Choosing The Right Visual Graph
Last updated
Last updated
Since it's not always easy to decide how to best tell the story behind your data, we've broken the chart types into three broad categories to help with this.
Trends - A trend is defined as a pattern of change.
sns.lineplot
- Line charts are best to show trends over a period of time, and multiple lines can be used to show trends in more than one group.
Relationship - There are many different chart types that you can use to understand relationships between variables in your data.
sns.barplot
- Bar charts are useful for comparing quantities corresponding to different groups.
sns.heatmap
- Heatmaps can be used to find color-coded patterns in tables of numbers. This is great for visualizing correlations.
sns.scatterplot
- Scatter plots show the relationship between two continuous variables; if color-coded, we can also show the relationship with a third categorical variable.
sns.regplot
- Including a regression line in the scatter plot makes it easier to see any linear relationship between two variables.
sns.lmplot
- This command is useful for drawing multiple regression lines, if the scatter plot contains multiple, color-coded groups.
sns.swarmplot
- Categorical scatter plots show the relationship between a continuous variable and a categorical variable.
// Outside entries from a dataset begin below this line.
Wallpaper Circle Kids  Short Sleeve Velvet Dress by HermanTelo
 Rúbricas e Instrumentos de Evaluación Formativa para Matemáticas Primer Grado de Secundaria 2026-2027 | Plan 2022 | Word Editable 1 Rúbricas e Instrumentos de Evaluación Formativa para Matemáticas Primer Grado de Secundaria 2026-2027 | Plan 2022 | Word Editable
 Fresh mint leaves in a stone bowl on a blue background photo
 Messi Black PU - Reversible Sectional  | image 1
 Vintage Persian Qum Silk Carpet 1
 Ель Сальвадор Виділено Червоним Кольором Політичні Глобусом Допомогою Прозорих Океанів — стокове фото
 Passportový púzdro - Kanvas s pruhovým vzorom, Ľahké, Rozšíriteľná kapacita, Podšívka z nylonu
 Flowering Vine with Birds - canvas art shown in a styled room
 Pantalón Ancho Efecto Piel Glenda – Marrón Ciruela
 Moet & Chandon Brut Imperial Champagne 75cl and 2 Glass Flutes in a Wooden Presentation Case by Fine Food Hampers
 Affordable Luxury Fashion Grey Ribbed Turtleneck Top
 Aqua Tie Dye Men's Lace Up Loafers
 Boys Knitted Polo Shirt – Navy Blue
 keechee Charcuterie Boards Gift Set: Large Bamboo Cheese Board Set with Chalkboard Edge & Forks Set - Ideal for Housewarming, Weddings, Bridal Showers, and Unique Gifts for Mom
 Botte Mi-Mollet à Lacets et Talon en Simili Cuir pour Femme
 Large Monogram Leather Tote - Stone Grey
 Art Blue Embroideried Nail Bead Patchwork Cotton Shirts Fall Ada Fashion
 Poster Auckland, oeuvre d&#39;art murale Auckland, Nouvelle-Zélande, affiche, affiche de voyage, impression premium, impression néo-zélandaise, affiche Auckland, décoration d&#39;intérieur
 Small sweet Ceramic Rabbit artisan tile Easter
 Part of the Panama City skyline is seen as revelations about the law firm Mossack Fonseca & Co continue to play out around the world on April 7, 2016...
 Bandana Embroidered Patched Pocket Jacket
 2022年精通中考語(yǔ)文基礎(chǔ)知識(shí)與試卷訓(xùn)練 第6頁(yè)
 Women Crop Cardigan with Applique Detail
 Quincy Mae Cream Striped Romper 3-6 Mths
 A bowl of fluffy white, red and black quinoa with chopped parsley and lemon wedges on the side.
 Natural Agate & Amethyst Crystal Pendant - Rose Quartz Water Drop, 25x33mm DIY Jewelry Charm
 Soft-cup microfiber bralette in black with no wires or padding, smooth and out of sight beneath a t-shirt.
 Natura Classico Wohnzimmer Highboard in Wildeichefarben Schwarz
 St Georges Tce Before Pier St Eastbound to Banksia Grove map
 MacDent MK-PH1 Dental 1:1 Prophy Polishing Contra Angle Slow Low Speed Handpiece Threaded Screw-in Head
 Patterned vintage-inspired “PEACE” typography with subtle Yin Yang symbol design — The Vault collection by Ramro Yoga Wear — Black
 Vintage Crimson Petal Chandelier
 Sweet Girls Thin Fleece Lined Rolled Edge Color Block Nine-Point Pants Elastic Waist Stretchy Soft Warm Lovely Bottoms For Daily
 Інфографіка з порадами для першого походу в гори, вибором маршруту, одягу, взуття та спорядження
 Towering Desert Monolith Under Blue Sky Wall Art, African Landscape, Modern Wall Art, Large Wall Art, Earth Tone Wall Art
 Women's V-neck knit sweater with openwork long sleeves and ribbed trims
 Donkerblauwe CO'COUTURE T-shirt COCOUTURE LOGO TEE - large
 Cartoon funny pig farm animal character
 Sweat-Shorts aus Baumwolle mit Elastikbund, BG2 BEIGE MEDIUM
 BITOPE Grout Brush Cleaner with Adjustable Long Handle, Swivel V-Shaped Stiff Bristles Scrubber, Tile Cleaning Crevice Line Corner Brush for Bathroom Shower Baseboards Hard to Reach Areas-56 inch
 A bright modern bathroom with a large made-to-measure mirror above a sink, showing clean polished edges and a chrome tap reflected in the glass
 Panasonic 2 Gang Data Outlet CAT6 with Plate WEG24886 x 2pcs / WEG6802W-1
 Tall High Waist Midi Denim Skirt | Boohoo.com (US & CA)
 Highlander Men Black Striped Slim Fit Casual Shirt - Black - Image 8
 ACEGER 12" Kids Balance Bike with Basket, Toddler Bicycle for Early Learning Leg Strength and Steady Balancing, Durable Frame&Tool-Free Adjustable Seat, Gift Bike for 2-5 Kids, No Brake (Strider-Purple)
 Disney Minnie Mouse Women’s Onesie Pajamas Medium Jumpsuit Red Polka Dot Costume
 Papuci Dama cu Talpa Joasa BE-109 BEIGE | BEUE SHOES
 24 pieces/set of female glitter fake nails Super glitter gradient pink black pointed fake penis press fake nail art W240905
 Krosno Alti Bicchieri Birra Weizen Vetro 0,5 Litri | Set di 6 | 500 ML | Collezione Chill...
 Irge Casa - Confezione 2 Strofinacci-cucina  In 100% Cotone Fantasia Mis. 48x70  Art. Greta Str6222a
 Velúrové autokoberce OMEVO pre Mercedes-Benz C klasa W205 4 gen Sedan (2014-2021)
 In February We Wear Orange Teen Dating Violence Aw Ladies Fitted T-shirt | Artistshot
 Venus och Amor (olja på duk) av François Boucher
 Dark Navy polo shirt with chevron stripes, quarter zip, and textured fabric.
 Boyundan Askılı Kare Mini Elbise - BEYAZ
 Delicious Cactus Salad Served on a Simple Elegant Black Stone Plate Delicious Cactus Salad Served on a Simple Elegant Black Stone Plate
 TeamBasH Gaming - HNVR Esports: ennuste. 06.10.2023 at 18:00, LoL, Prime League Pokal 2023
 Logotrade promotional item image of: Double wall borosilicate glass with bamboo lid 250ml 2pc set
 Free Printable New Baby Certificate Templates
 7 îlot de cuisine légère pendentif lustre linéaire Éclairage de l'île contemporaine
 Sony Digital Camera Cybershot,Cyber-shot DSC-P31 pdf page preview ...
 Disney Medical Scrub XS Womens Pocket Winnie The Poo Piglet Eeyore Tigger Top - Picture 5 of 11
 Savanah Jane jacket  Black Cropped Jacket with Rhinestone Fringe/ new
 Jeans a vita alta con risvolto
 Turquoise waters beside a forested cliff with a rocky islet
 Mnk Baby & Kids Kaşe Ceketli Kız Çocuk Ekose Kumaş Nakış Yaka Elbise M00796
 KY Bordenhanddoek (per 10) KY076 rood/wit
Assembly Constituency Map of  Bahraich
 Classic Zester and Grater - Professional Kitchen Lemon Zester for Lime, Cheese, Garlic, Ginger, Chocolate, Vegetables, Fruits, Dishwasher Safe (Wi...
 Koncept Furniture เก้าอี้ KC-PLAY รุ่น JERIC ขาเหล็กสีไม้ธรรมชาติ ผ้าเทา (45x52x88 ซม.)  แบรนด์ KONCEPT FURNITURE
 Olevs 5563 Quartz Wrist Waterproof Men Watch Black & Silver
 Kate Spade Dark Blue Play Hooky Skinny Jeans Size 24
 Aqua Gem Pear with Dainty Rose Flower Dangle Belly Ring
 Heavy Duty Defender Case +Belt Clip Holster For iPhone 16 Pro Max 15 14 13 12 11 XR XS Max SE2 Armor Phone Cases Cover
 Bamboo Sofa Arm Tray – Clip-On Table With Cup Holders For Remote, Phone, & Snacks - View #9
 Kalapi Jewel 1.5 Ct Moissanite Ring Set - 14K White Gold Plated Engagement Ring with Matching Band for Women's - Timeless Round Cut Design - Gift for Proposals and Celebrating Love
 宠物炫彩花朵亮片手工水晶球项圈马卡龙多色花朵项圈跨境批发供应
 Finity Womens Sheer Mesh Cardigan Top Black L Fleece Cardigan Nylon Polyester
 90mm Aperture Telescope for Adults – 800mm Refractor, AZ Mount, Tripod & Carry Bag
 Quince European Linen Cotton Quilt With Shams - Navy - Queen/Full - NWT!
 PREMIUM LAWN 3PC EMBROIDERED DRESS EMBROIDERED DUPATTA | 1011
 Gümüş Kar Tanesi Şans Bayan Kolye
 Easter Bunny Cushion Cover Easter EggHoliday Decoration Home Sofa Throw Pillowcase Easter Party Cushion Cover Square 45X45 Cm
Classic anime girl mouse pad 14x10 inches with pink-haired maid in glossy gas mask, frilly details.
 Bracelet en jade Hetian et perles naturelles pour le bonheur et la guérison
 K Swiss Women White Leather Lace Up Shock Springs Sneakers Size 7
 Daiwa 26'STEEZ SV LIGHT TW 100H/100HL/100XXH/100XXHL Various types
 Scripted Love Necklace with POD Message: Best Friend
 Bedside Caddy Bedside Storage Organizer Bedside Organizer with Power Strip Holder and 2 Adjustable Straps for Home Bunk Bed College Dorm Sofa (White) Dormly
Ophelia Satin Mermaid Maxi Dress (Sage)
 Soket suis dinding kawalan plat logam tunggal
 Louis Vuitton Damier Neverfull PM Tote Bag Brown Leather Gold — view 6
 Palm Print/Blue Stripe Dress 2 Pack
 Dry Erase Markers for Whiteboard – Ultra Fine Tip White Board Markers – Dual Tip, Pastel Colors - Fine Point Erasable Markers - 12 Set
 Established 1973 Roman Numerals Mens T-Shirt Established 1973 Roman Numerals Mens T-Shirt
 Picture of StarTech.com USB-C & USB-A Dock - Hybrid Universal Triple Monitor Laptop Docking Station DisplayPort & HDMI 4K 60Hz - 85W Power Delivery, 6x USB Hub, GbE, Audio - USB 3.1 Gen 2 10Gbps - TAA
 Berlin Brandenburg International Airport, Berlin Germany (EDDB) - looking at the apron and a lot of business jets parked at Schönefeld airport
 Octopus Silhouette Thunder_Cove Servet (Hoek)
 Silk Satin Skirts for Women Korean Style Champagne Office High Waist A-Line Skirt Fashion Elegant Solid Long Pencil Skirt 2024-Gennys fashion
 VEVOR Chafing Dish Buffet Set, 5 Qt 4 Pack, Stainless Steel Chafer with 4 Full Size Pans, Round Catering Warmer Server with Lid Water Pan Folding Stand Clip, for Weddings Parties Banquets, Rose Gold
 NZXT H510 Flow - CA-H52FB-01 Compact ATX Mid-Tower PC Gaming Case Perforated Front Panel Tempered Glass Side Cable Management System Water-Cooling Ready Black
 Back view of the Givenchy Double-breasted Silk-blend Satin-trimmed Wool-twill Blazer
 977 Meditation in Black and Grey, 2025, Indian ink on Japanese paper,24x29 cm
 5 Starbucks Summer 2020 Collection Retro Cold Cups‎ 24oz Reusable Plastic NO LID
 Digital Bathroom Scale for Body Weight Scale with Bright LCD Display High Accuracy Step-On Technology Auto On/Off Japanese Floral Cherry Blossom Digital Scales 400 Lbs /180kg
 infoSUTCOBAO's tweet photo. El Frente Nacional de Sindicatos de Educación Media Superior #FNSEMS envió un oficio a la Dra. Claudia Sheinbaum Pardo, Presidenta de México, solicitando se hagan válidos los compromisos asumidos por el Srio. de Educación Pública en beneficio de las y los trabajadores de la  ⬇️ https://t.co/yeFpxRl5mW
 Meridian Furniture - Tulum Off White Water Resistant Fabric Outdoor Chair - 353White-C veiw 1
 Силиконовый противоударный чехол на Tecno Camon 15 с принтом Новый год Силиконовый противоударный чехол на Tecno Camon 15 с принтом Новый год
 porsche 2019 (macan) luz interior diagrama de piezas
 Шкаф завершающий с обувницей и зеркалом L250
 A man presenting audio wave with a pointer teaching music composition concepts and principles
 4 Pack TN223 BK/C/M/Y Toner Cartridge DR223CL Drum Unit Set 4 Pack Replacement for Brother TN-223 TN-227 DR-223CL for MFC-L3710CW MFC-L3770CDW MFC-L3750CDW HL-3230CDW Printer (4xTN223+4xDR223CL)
Distribution - We visualize distributions to show the possible values that we can expect to see in a variable, along with how likely they are.
sns.distplot
- Histograms show the distribution of a single numerical variable.
sns.kdeplot
- KDE plots (or 2D KDE plots) show an estimated, smooth distribution of a single numerical variable (or two numerical variables).
sns.jointplot
- This command is useful for simultaneously displaying a 2D KDE plot with the corresponding KDE plots for each individual variable.